G.: In Italia le assoluzioni non piacciono. La maggior parte delle persone ritiene che solo le condanne siano sentenze “giuste”. Per il sentire collettivo, nelle vicende giudiziarie, se tuona da qualche parte piove sempre. Il che, in altri termini, equivale a dire: se qualcuno viene indagato o processato, qualcosa di illegale deve aver commesso per forza. Questa bassa e assai scarsa cultura giuridica diffusa nel nostro Paese ha portato diverse volte, in passato, persone innocenti a togliersi la vita. Relazionandomi ogni giorno con i pubblici ministeri, ho visto tante volte i magistrati inquirenti commettere errori ingiustificabili e prendere abbagli clamorosi. Gli italiani sono per la stragrande maggioranza dei “forcaioli”, ma, come dico sempre, le sentenze di assoluzione hanno lo stesso valore e la stessa dignità delle sentenze di condanna. Uno degli annosi problemi della giustizia italiana è quello relativo all’uso eccessivo della custodia cautelare in carcere. Sono migliaia i detenuti in attesa di giudizio che poi verranno assolti. Nel nostro ordinamento vige il principio della presunzione di innocenza fino alla sentenza di condanna passata in giudicato. Per questa ragione la custodia preventiva rappresenta, o meglio dovrebbe rappresentare, l’extrema ratio, ossia la misura cautelare da applicarsi solamente quando ogni altra misura risulti inadeguata. Purtroppo, invece, il carcere preventivo viene utilizzato troppo spesso solo per fare pressione sulla persona in vinculis, per ottenere da lei informazioni o, magari, per indurla addirittura confessare un reato che in realtà non ha commesso. Dopo mesi, a volte anni, magari il processo dimostrerà che quella persona era invece innocente.
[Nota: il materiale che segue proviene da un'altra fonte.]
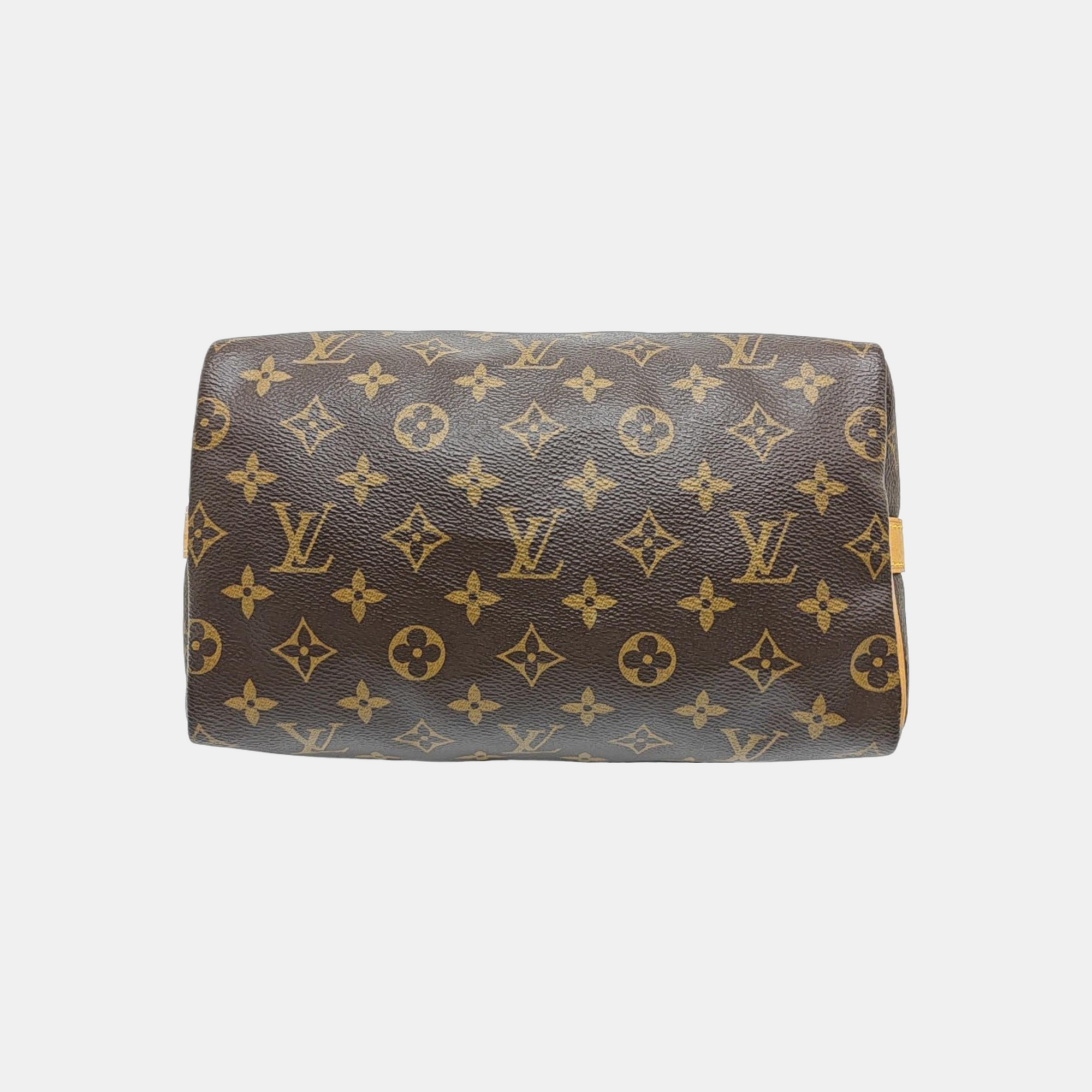 SPEEDY 25 Monogram Coated Canvas Brown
12. Come si fa a non restare coinvolti in un caso giudiziario? Come si raggiunge l’obiettività?
G.: Avvocati e magistrati sono tecnici del diritto e non devono mai farsi coinvolgere dalle vicende giudiziarie di cui si occupano. Il distacco è fondamentale per svolgere al meglio il proprio lavoro. Quanto all’obiettività, si raggiunge solamente con l’esperienza.
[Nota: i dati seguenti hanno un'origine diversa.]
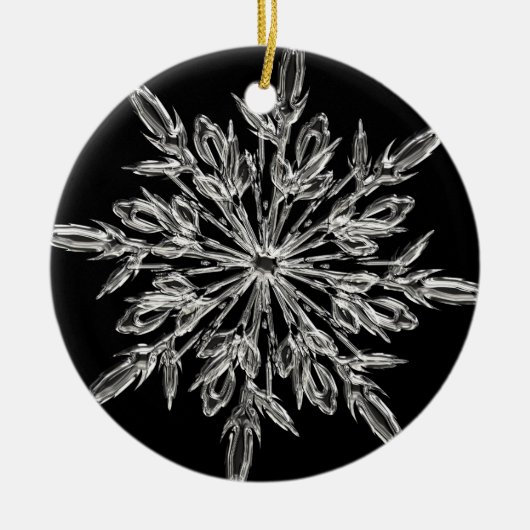 Black Ice Crystal Keramisch Ornament (Voorkant)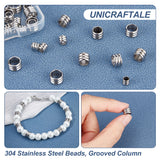 304 Stainless Steel Beads, Grooved Column, Stainless Steel Color, 4~8x4~5.5mm, Hole: 3~6mm, about 50pcs/box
13. Delle carceri italiane se ne parla davvero in tutti i modi…vuoi dirci anche la tua opinione? Quanto vengono lasciati soli i detenuti, sia durante la reclusione, che dopo aver scontato la loro pena? Quali sistemi si potrebbero attuare, per attenuarne il disagio?
G.: Quando si entra in carcere si perde la speranza. Questo è il grande limite del sistema penitenziario, che svilisce il principio fondamentale della funzione rieducativa della pena così come cristallizzato nella nostra carta costituzionale. Il sistema carcerario è ormai un malato in fase terminale. Il sovraffollamento degli istituti di pena ha da tempo raggiunto livelli allarmanti e costringe i detenuti ad una vita disumana. Ultimamente il ministro della giustizia Paola Severino ha sottolineato come sia necessario un corretto equilibrio tra carattere umanitario del trattamento del condannato e tutela del diritto dei cittadini alla sicurezza. E in questa direzione vanno le iniziative del governo in materia di depenalizzazione, di introduzione della messa alla prova e di pene detentive non carcerarie. Ma questo non è sufficiente. E’ necessario con estrema urgenza incrementare l’edilizia penitenziaria e dare piena attuazione al piano carceri, che prevede la realizzazione di padiglioni detentivi in ampliamento delle strutture esistenti e la costruzione di nuovi istituti penitenziari.